More about Smart Contracts?
A smart contract is a computer protocol whose operating rules and predefined instructions are written on the Blockchain. The entire process and transactions are automated, transparent and available for anyone to view on the Rapids Explorer.
Here are some interesting facts:
- Bitcoin entered on the market in January 2009
- The first NFT to be sold was ‘Quantum’ by Kevin McCoy in 2014
- The term NFT appeared in 2017
Some of the most expensive NFT sold (to date):
- Everydays: The First 5000 Days - Beeple → $69.3m
- Clock — Pak & Julian Assange → $52.7m
- Human One — Beeple → $28.99m
- CryptoPunk #5822 → $23m
- CryptoPunk #7523 → $11.75m
Do you have a creation and want to leave your mark, your name in history? Join Rapids and be among the first to take advantage of this new opportunity.

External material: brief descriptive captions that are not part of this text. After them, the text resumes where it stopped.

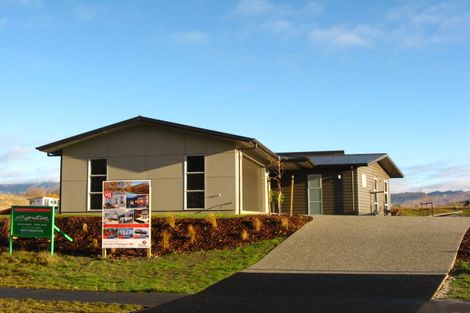 Photo of property in 57 Onslow Road, Lake Hayes, Queenstown, 9304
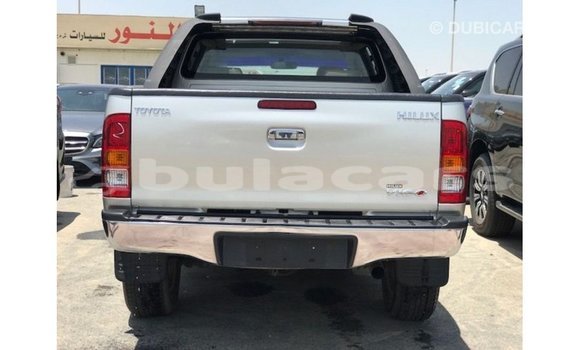 Buy Import Toyota Hilux Grey Car in Import - Dubai in Central Buy Import Toyota Hilux Grey Car in Import - Dubai in Central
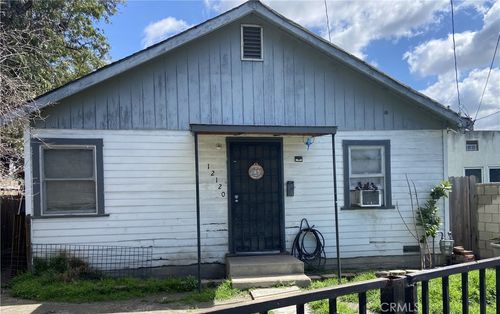 12120 S Willowbrook, Compton, CA, 90222 | Card Image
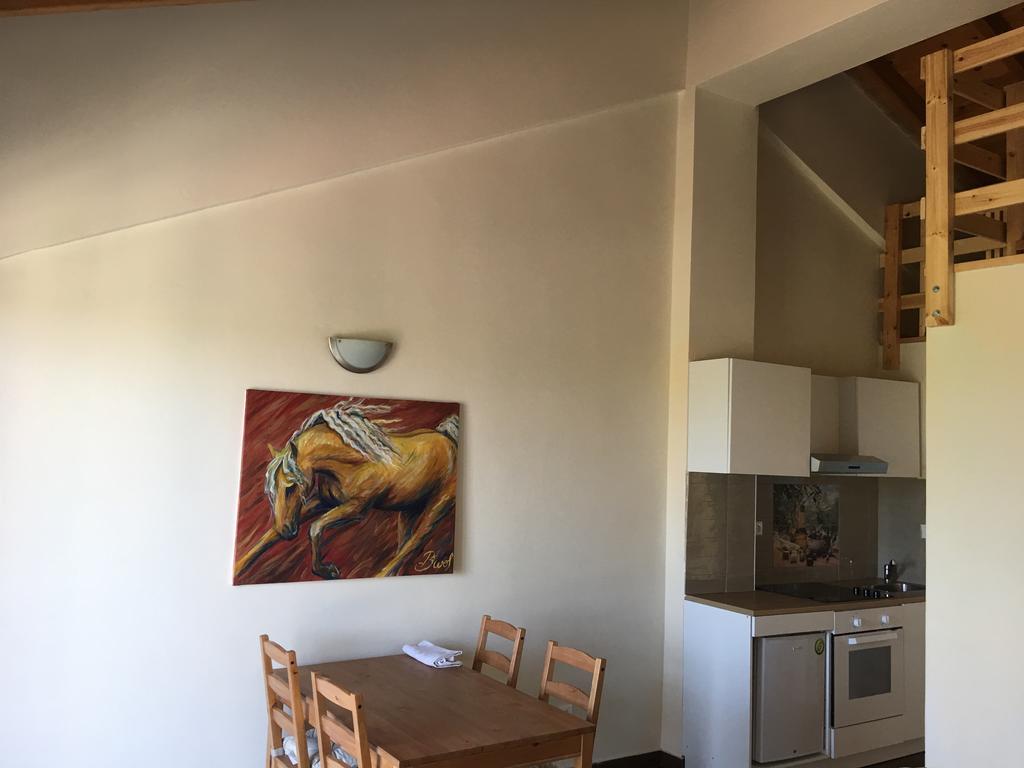 הרסוניסוס Arion Stables & Apartments מראה חיצוני תמונה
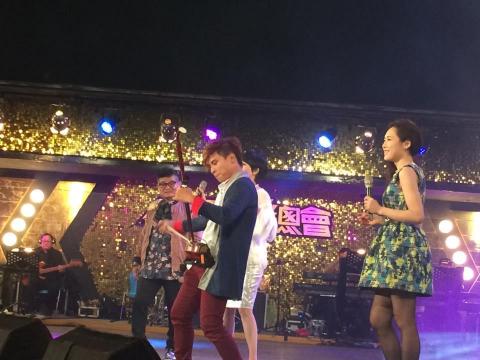 爪哥的二胡教室 - 在超級夜總會當主秀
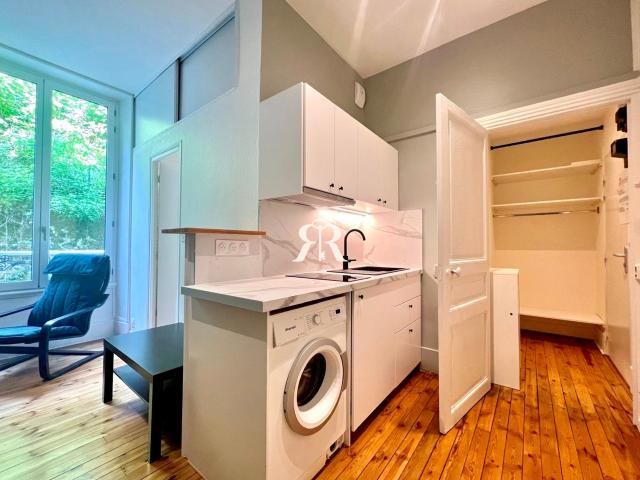 Studio meublé entièrement rénové 20 m2 Royat Place Allard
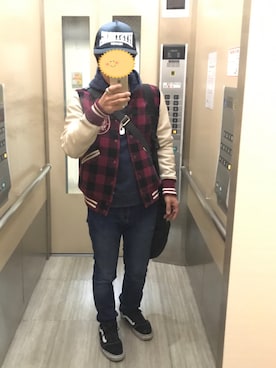「アイテム（スタジャン、ピンク系）」を使った、TJさん（メンズ・165cm）の冬コーディネート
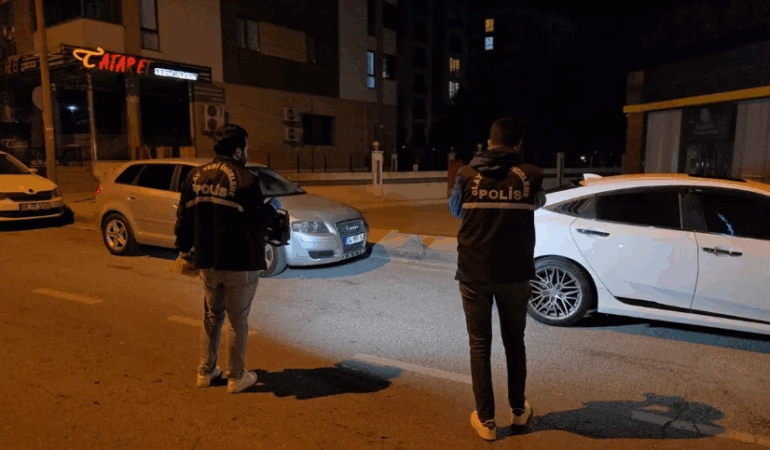 Trafik Tartışmasında Silahlı Gerilim: Havaya Ateş Açan Sürücü Yakalandı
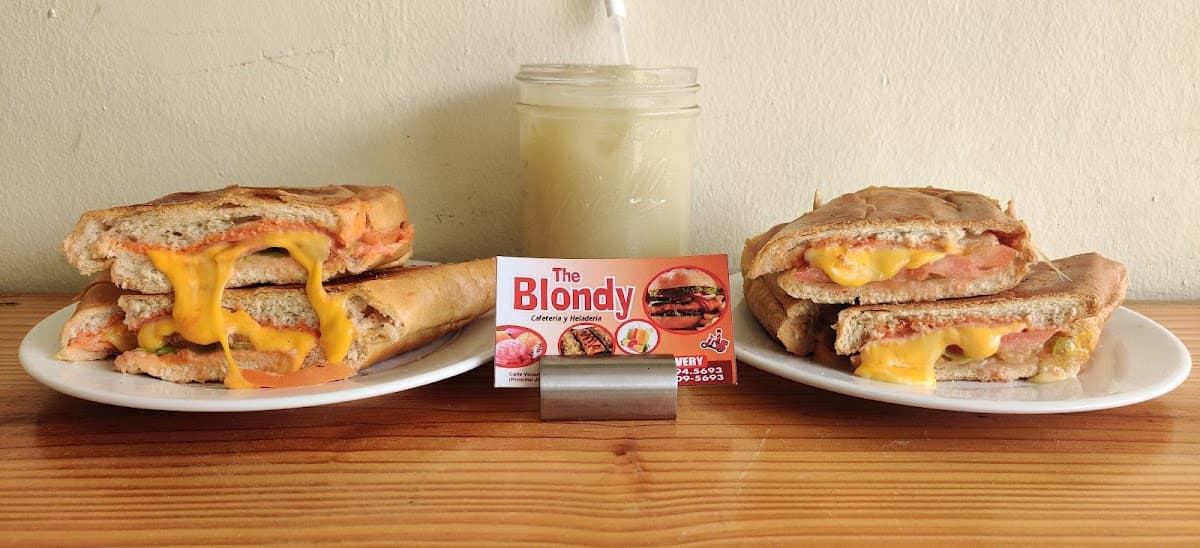 The Blondy Cafeteria - Imagen 1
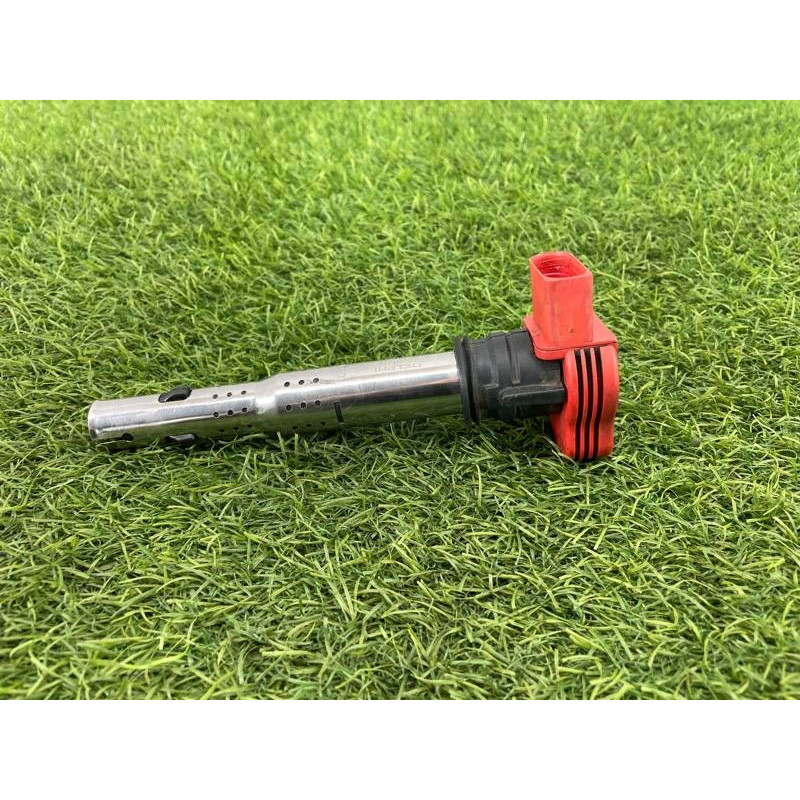 Катушка зажигания (электрика двигателя) Audi Q5 8R 2012 3.2 CALB 06E905115E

Rapids is doing everything possible to help you take advantage of the best that Blockchain has to offer. NFTs can be anything from digital art to tickets and sports highlights videos, and they can be sold for thousands or millions of dollars. The Rapids blockchain will allow NFTs to integrate royalties, whereby payments are made direct to the creator, every time their work is being bought.